Boston University alumni and their friends and family chiseled away on large ice blocks Saturday at Winterfest 2009, creating frozen sculptures ranging from Rhett angrily chasing after Baldwin, the Boston College eagle, to am icy replica of Super Grover.
Ice sculpting was one of many family-oriented activities at BU’s fourth annual alumni weekend hosted by BU Alumni, where about 50 spectators watched about 20 sculptors create their ice masterpieces. Besides the ice-sculpting competition, the weekend included activities like yoga and hip-hop classes, a cooking demonstration, a men’s Terrier hockey game Saturday and a basketball double- header Sunday.
There were activities for both adults and children, Winterfest staff member Lindsay Corrigan said.
‘It’s a family-centered weekend,’ Corrigan said.
The eight ice sculpting teams first met upstairs in the Fitness and Recreation Center to sketch out their ideas for the competition, which ranged from the mystical creatures to the Stay-Puft Marshmallow Man from ‘Ghost Busters.’
Lauren Kestel, a speech-pathology graduate student, said neither she nor her teammates had any experience carving ice before. Ice sculpting teams had to sign up in advance and each team had to pay $15.
‘We’re all amateurs,’ Kestel said. ‘We have absolutely no idea how to do this.’
Kestel’s team debated whether to carve a dinosaur or a unicorn.
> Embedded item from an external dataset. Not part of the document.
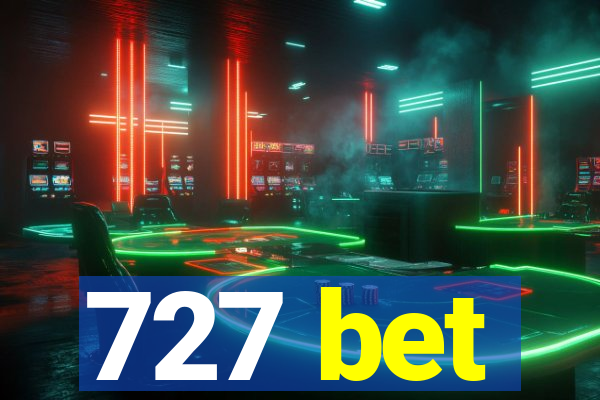 727 bet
Kestel said she was so excited to participate in the ice sculpting that she sacrificed her studying for the day.
‘I’m skipping studying for exams to do this,’ Kestel said.
Another ice sculpting group, headed by BU School of Social Work 2008 alumnus John Douglas, deliberated between many options, including a fairy and Bugs Bunny. They ultimately settled on Super Grover.
‘How often do you get to ice sculpt?’ Douglas said. ‘We’re hoping they let us use a chainsaw, but we heard a rumor they leave that to the professionals.’
A professional ice sculptor, who was hired to oversee the activity, made rough outlines of each sketch in the ice with his chainsaw, while spectators watched flying large ice chunks crash to the ground. At one point, Douglas convinced the man to let him take over the chainsaw.
The other sculptures included a robot, an ice cream cone, Poseidon on his throne and a ‘Viking kitten.”
While some were sculpting, nearly 60 alumni and friends attended a cooking demonstration on the first floor of the Fuller Building led by French Chef Raymond Ost from Sandrine’s Bistro in Cambridge.
Ost guided the guests through a ‘crash course’ on mussels, madeleines with pastry cream and duck p’acirc;t’eacute;. An angled mirror above him allowed the audience to watch his every move.
‘Not too much salt,’ Ost said, pouring an entire hand’s worth of salt into each of the three pots before him.
Audience members laughed when Ost poured a full bottle of wine into each large pot of mussels, and then went back and poured out another three. Ost cooked about 700 mussels for the attendees.
Megan Lichty, a friend of an alumnus, said her children would have preferred peanut butter and jelly, but tried everything anyway.
‘My 8-year-old daughter actually liked the p’acirc;t’eacute;,’ Lichty said. ‘I’m going to keep what it is a mystery as long as possible.’